1

What are the best prime numbers to choose for a double hashed hash table size?

side info

  • the hash table is part of a word analysis project, Markov models, training bots to model and generate text as if someone else would write it (which takes a lot of words, sentences, transcripts, books... the bigger the corpus, the better)
  • I'm not familiar with most of the math around prime numbers but I will read on everything you guys propose and then try to go from there

what I have in mind:

  • the prime numbers shouldn't be too far/close to each other ----> I don't have to increase the size frequently, but the hash table doesn't end up half empty (less collisions, looking for ideal ratio between load factor and hash table size)
  • optimal for a big corpus - I'm not sure how big the prime numbers I have to choose should be, never did this before...
  • I also thought of implementing a function (not a hash function) that'd just double the size of the hash table and then look for the closest prime number ------> but that has a running time of O(n) because a prime is only divisible by itself ____( I have to check whether all the numbers up to the number that's double the size of the current hash table size have the remainder other than zero, then increment the size by one/go to the next odd number and test the whole loop again)________ ------> you can imagine that that would be very slow so the better approach is just to have a fixed set of prime numbers up to a million (just for illustration purposes) or so and then just use these for any size changes

Thanks, any additional questions appreciated

templatetypedef
  • 362,284
  • 104
  • 897
  • 1,065
Fero
  • 567
  • 8
  • 25
  • 1
    Why do you have to find primes *on the fly*? Why not just precompute a table T of primes where T[i+1] is approximately 2 * T[i] and hard-code that in your program? Also, is there some reason you want to do this yourself, as opposed to simply using a python dict? – President James K. Polk Oct 04 '15 at 15:04
  • I'm actually asking for numbers like that, the function was just another option that I explored reason - I'm learning all of this, I want to use my own hash table, explore – Fero Oct 04 '15 at 17:06

2 Answers2

2

Choose high of twin prime numbers, i. e. when p and p - 2 are primes, choose p as double hash capacity, because hash_code % (size - 2) is a good secondary step function for double hashing algorithm, and modulo prime number is somewhat more "robust" than modulo composite number (if size - 2 is composite).
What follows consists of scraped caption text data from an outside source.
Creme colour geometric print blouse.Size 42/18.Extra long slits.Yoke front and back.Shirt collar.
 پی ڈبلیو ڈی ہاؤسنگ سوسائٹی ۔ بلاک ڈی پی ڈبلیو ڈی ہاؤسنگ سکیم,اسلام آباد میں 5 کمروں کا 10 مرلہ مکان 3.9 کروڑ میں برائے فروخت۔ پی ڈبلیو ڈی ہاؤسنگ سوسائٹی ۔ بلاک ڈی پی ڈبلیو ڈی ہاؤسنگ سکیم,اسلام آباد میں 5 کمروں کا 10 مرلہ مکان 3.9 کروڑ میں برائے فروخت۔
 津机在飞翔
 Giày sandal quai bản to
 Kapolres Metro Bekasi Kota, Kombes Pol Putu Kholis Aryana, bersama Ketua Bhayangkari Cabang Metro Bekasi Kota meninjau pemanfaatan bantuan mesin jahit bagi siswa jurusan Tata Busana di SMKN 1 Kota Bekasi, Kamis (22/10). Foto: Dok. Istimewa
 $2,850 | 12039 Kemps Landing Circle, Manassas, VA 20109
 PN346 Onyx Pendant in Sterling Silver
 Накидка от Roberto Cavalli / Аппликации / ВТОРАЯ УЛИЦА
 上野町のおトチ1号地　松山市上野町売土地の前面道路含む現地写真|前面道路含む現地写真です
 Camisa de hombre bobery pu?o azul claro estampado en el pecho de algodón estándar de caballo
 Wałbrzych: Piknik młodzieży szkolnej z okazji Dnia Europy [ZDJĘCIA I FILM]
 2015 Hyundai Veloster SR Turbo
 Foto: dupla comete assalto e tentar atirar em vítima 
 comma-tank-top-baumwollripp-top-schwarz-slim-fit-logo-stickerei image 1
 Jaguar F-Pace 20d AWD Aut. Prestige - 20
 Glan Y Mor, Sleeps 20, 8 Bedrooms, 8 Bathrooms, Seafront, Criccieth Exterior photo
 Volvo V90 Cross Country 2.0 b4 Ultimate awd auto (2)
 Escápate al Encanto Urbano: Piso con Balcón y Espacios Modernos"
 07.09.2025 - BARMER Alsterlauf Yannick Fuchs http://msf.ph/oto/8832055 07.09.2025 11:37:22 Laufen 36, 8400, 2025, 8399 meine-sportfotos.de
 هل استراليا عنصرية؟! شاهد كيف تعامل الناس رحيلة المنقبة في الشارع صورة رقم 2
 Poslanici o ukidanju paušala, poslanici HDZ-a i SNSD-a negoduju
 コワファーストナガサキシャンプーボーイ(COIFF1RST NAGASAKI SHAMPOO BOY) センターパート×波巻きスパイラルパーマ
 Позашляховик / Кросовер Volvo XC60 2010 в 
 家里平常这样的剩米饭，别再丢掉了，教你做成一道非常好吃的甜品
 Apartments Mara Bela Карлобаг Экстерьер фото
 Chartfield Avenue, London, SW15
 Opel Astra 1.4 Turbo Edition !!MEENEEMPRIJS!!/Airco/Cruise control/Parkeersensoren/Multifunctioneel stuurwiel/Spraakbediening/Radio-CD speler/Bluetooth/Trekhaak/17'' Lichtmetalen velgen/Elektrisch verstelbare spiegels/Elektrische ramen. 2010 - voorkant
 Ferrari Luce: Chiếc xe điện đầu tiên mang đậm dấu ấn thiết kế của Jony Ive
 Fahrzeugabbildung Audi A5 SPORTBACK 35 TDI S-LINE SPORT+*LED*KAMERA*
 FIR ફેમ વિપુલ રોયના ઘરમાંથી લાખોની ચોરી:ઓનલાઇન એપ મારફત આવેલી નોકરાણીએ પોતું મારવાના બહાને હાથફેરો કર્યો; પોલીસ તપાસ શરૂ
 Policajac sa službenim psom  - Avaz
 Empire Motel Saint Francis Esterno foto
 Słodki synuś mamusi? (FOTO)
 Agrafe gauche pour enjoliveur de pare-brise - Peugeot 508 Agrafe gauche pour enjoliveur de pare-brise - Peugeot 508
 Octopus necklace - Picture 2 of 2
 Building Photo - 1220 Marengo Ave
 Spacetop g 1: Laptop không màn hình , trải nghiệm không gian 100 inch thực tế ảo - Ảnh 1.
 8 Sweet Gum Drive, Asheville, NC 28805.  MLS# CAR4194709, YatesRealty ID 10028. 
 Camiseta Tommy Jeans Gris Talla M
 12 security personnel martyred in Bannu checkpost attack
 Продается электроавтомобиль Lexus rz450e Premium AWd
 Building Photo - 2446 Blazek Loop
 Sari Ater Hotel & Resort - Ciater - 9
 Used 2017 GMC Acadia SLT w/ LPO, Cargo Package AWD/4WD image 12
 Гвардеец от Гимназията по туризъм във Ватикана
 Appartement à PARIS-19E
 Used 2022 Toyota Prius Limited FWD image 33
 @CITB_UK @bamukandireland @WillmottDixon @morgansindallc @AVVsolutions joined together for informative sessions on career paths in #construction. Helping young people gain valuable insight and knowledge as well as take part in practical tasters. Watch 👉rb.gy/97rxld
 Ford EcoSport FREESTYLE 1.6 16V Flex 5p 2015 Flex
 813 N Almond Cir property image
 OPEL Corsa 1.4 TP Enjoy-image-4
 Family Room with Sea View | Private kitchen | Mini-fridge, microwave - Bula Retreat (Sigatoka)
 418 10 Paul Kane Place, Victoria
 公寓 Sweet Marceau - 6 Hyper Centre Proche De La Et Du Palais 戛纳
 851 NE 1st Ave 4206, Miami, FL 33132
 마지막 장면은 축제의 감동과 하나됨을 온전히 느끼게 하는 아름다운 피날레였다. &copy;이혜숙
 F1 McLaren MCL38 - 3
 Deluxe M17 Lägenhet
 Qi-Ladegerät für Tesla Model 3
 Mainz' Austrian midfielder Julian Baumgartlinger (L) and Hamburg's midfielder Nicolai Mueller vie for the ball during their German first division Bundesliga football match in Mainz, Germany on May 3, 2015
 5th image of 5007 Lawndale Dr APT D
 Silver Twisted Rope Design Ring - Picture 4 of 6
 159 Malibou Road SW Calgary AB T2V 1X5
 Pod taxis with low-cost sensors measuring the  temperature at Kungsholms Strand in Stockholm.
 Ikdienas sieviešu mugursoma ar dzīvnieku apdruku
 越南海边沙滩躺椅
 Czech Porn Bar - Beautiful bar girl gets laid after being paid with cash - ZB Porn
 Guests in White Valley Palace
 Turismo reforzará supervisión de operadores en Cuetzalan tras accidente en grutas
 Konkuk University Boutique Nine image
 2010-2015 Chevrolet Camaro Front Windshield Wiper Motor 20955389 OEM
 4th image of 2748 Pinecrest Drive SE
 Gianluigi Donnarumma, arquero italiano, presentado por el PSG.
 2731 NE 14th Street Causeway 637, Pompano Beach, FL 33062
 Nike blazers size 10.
For small sizes (somewhere around 1000 or so) choose all primes, except low ones of twin pairs, because twin pairs are too rare in the beginning of natural numbers scale, for good size predictability.

Add sizes of 5 and 11 (though they are low in twin primes) to better address very small table sizes.

Exclude numbers that are frequently used in multiplication hash functions, in Java it is 31 that is used in String hash function, I don't know about Python.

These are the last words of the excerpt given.